Francis Nkam was happy in Cameroon. He had gone to college, had gotten his bachelor’s degree in education and was teaching high school.

But greater opportunity called in America, and rather than spend the money on a visa application, Nkam entered the visa lottery.

“Each time we played the Diversity Visa Lottery, we played in a group of five or six people,” he recalled. “And each time someone would win. And I kept saying my time would come.”

Come it did. On his seventh try, Nkam won a visa, and he immigrated to the U.S. in 2003. Not long after, he landed a job as a high school French teacher in southern New Jersey, got two master’s degrees from Rutgers, married a woman from Cameroon and is expecting his first child later this year.

Supporters of the Diversity Visa Program say it opens up pathways for people such as Nkam from underrepresented countries in sub-Saharan Africa and the Caribbean countries. Critics, though, say it’s rampant with fraud in the application process. Now the program is in danger of being eliminated, as the Senate killed it in its recent immigration overhaul and a similar fate awaits it in the House of Representatives. The House already voted to cancel the program last November.

Part of the Immigration Act of 1990, the Diversity Visa Program was intended to create new avenues for residents of countries that were underrepresented in America’s immigration melting pot, offering permanent resident visas to 50,000 lucky winners each year. Natives of countries with fewer than 50,000 immigrants to the U.S. over the past five years are eligible for entry. Each year, based on immigration data, countries are added or removed from the lottery-eligible list.

Prospective immigrants must have at least high school diplomas or the equivalent or a minimum of two years of work experience in fields that require training. The application process opens for one month, with a strict limit of one entry per applicant. More than 14 million applied in 2012.

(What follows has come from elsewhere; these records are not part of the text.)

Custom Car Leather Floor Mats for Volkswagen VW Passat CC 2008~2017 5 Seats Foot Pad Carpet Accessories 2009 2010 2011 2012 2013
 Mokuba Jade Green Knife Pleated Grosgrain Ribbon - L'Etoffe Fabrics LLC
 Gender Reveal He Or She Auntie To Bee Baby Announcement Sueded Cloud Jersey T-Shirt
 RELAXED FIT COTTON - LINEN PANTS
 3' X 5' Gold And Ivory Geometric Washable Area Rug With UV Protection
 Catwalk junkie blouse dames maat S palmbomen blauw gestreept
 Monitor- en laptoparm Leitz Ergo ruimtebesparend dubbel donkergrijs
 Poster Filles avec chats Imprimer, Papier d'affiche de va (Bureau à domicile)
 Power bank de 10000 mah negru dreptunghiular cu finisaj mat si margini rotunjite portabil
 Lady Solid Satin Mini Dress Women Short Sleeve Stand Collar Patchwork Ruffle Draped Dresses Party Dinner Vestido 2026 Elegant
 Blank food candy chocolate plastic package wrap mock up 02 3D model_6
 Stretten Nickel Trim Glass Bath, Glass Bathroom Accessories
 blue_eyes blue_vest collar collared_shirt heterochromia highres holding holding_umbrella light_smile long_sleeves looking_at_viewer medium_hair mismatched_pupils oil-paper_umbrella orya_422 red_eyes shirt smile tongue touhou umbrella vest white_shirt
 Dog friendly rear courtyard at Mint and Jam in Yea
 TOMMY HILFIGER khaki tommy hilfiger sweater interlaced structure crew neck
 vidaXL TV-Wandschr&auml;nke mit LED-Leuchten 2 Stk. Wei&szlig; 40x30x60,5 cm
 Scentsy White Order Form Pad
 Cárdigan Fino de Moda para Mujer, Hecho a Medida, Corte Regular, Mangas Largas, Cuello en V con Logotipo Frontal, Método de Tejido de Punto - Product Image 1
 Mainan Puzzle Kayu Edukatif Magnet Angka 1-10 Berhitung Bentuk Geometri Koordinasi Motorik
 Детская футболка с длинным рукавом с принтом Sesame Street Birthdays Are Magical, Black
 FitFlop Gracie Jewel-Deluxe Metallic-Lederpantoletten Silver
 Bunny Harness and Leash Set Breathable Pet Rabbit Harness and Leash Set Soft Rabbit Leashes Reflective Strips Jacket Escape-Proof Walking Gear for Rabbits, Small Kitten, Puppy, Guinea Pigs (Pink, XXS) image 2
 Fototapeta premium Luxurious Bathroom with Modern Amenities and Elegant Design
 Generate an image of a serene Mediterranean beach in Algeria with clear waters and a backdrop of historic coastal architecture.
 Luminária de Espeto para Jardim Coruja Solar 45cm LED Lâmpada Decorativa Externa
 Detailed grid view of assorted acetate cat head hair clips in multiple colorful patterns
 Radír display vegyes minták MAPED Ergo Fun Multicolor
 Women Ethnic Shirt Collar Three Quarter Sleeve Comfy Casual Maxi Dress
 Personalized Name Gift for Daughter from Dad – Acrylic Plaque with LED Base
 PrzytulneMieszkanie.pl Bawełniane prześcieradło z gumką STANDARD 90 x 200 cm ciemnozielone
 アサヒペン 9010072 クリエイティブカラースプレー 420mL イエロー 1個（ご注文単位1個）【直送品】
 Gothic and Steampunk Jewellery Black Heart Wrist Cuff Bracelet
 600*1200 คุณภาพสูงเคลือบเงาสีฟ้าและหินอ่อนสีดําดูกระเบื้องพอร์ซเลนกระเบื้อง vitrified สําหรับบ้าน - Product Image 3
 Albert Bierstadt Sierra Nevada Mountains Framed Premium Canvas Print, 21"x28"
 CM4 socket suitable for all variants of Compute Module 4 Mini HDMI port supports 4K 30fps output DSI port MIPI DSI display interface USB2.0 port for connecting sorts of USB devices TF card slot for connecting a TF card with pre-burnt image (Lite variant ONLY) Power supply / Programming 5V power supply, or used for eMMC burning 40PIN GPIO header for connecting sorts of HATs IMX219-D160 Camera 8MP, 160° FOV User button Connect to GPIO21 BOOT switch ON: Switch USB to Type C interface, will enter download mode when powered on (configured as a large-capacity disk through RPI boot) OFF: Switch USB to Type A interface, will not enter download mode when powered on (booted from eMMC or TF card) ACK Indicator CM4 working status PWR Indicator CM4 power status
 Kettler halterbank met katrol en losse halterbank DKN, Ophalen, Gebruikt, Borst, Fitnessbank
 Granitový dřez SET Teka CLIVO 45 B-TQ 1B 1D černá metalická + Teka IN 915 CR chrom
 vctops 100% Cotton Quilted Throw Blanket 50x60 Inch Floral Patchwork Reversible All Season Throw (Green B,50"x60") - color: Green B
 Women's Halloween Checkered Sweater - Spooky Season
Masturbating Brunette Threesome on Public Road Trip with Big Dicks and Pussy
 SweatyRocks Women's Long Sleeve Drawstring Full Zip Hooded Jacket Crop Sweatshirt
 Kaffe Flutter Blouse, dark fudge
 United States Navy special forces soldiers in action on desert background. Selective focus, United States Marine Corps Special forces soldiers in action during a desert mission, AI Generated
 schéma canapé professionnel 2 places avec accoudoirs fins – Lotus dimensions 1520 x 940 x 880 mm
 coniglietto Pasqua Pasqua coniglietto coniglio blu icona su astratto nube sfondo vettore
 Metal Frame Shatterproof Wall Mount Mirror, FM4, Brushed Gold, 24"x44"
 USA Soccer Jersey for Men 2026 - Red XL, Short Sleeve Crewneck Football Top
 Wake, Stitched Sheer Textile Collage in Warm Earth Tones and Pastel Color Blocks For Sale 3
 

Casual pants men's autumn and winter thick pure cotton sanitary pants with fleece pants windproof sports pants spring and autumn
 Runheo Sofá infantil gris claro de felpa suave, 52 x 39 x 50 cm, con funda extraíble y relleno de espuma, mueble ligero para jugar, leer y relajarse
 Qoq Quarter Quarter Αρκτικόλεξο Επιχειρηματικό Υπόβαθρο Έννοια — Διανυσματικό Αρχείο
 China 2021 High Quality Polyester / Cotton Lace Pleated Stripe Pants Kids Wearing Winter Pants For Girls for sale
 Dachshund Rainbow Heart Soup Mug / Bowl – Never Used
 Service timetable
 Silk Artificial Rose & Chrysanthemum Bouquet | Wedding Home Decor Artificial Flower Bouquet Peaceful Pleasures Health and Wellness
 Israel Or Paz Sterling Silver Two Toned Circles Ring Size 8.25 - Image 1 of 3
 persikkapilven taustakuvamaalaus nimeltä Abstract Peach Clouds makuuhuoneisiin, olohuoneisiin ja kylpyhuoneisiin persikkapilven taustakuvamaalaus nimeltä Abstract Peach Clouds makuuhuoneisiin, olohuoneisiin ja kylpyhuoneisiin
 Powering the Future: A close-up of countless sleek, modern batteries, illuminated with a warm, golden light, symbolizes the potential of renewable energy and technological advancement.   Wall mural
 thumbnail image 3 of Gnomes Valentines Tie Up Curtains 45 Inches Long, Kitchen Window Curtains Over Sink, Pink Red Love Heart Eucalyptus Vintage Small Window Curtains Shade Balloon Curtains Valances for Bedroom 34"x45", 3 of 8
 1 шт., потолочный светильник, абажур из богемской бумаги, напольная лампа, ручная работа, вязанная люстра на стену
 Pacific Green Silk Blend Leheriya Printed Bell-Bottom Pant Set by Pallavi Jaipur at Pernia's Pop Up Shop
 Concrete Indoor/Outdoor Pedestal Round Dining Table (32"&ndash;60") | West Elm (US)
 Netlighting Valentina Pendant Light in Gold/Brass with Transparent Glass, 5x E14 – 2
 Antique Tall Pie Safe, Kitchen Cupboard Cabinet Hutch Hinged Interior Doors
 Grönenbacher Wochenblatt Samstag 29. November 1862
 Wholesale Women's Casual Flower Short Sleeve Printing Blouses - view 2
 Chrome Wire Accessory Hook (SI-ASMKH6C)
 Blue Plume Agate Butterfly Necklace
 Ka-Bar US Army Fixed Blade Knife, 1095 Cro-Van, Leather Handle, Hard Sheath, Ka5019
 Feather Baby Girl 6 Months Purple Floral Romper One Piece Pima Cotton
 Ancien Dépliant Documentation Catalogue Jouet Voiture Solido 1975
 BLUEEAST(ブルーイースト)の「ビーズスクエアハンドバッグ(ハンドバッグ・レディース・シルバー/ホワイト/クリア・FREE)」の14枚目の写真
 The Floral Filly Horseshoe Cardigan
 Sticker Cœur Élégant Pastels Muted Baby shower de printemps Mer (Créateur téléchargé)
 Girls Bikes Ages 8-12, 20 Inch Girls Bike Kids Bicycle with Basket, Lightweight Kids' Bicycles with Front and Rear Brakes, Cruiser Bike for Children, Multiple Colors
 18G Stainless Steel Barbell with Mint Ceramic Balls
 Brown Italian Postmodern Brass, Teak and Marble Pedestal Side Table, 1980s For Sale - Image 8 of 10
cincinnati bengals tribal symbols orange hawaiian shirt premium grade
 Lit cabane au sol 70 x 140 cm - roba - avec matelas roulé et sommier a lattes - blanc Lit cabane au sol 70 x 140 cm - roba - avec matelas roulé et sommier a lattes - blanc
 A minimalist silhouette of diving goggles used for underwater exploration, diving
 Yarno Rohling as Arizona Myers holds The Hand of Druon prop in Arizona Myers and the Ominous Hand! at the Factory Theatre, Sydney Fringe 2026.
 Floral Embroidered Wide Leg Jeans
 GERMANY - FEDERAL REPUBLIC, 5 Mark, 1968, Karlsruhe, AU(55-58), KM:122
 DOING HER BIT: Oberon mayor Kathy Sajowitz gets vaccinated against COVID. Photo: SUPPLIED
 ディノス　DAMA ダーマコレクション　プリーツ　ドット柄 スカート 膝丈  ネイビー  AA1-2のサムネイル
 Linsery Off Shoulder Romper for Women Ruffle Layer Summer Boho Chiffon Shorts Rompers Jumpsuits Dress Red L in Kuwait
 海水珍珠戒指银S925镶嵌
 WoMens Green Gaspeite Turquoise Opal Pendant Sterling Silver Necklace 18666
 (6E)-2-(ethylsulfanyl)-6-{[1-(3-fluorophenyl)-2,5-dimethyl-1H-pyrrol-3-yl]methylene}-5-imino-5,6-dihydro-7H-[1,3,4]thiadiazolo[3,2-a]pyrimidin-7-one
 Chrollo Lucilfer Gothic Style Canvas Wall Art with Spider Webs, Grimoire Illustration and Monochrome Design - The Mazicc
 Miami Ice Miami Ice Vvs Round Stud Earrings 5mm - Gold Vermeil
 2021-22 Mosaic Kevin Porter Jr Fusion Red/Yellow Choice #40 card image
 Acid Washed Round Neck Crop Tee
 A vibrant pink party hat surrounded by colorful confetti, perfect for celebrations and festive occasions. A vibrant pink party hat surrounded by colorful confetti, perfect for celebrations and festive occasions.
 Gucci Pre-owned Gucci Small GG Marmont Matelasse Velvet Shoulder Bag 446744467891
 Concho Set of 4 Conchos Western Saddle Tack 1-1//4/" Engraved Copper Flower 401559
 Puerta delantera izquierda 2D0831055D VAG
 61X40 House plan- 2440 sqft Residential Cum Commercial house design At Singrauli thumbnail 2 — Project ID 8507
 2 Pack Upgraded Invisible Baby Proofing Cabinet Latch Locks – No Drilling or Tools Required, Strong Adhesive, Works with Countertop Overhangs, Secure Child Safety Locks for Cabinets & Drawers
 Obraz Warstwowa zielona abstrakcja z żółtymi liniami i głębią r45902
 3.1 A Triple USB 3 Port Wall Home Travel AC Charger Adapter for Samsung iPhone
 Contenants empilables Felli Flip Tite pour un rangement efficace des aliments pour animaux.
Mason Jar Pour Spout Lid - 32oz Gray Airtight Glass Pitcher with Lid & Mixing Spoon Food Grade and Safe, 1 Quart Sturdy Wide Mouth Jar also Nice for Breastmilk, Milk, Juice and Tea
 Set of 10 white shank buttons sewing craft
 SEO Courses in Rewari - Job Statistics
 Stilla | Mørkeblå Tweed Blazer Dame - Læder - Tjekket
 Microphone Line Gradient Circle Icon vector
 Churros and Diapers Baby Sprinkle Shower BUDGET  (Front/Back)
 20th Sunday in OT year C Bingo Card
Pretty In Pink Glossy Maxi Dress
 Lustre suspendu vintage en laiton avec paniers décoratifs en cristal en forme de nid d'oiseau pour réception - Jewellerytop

As recently as last year, the program displayed crucial weaknesses. Faulty programming led false results of the 2012 lottery to be posted online, informing many prospective immigrants that they’d been selected for green cards when they had not been. Fraudulent third-party organizations have coerced cash from immigrant-hopefuls with promises that they have sway with lottery officials. Security officials and lawmakers have suggested that the program threatens national security, citing the difficulties of performing background checks in many eligible countries and the acceptance of applicants from state sponsors of terrorism.

Despite the criticisms, the program has supporters in Congress. The Congressional Black Caucus backs Nkam’s claim that the visa lottery is one of the few paths to permanent American citizenship for sub-Saharan Africa natives.

While the odds of being selected are poor, winners from Cameroon said an entry in the lottery had far better chances than formal visa applications.

“I don’t know of anybody who came through any other means,” Nkam said. The U.S. Embassy “has about a 1 percent visa-granting rate. For every 1,000 people who actually apply for a visa, you’ll be lucky if 10 people from that number get a visa. That is almost impossible.”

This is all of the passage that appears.